October 10, 2012
This article was contributed by Paul McKenney
If you run a post-3.6 Linux kernel for long enough,
you will likely see a process named rcu_sched or
rcu_preempt or maybe even rcu_bh having
consumed significant CPU time.
If the system goes idle and all application processes exit,
these processes might well have the largest CPU consumption of
all the remaining processes.
It is only natural to ask “what are these processes and why
are they consuming so much CPU?”
The “what” part is easy: These are new kernel threads
that handle RCU grace periods, previously handled mainly in
softirq context.
An “RCU grace period” is a period of time after which
all pre-existing RCU read-side critical sections have completed,
so that if an RCU updater
removes a data element from an RCU-protected data structure and then
waits for an RCU grace period, it may subsequently safely carry out
destructive-to-readers actions, such as freeing the data element.
RCU read-side critical sections begin with rcu_read_lock()
and end with rcu_read_unlock().
Updaters can wait for an RCU grace period using synchronize_rcu(),
or they can asynchronously schedule a function to be invoked after
a grace period using call_rcu().
RCU's read-side primitives are extremely fast and scalable, so it
can be quite helpful in read-mostly situations.
For more detail on RCU, see:
The RCU API, 2010 Edition,
What is RCU, Fundamentally?,
this
set of slides [PDF], and
the RCU home page.
Quick Quiz 1:
Why would latency be reduced by moving RCU work to a kthread?
And why would anyone care about latency on huge machines?
Answer
The reason for moving RCU grace-period handling to a kernel thread
was to improve real-time latency (both interrupt latency and
scheduling latency) on huge systems by allowing RCU's
grace-period initialization to be preempted:
Without preemption, this initialization can inflict
more than 200 microseconds of latency
on huge systems.
In addition, this change will very likely also improve
RCU's energy efficiency while also simplifying the code.
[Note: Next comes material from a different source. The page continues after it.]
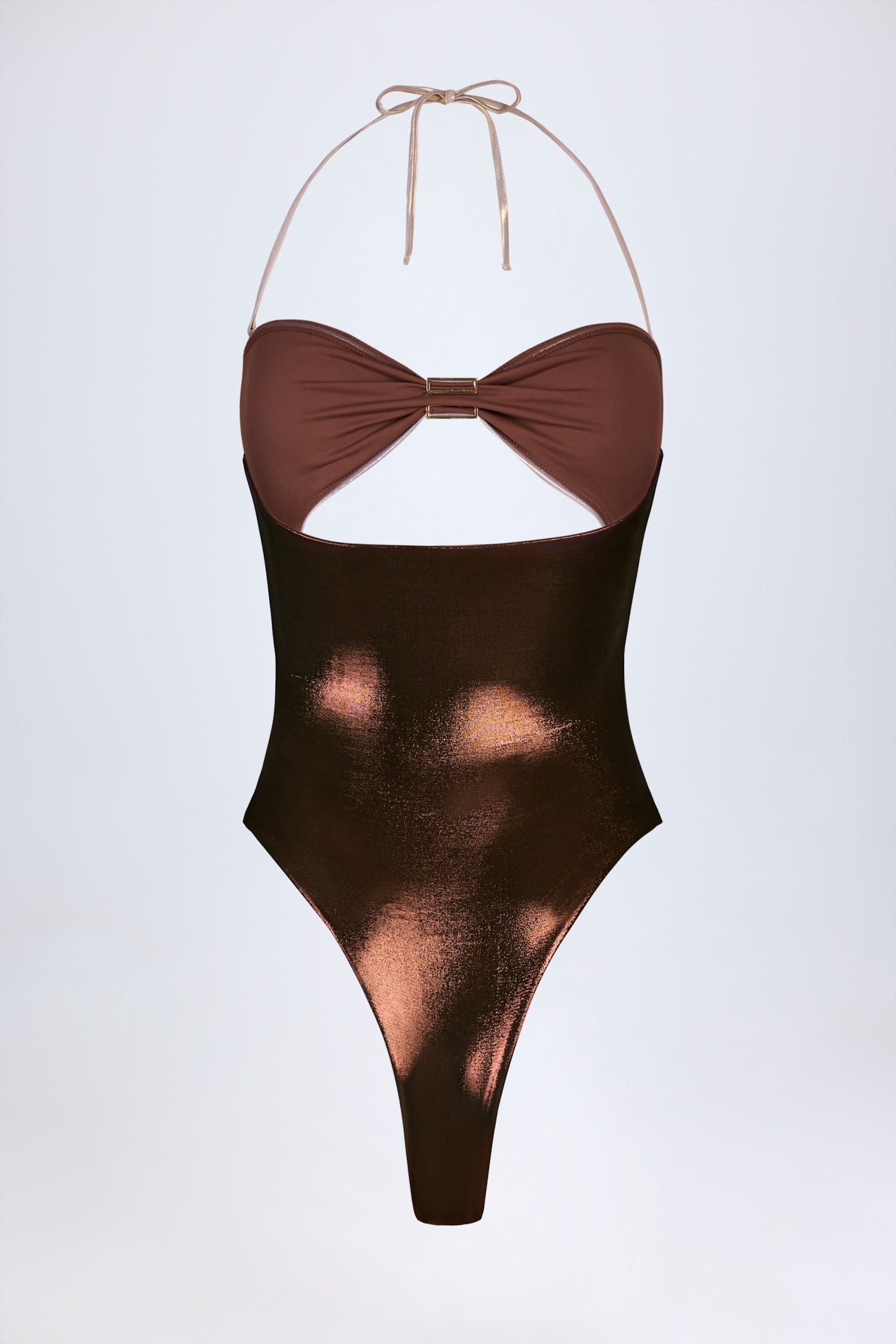 Panelled Cut-out Swimsuit in Bronze Gold - Image 5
These potential simplifications are due to the fact that kernel threads
make it easier to guarantee forward progress, avoiding hangs in
cases where
all CPUs are asleep and thus ignoring the current grace period,
as confirmed by Paul Walmsley.
But the key point here is that these kernel threads do not represent
new overhead: Instead, overhead that used to be hidden in softirq
context is now visible in kthread context.
Quick Quiz 2:
Wow!!! If
hackbench does a million grace periods in ten minutes,
just how many does something like
rcutorture do?
Answer
Now for “why so much CPU?”, which is the question
Ingo Molnar asked immediately upon seeing more than three minutes of
CPU time consumed by
rcu_sched after running a couple hours of kernel builds.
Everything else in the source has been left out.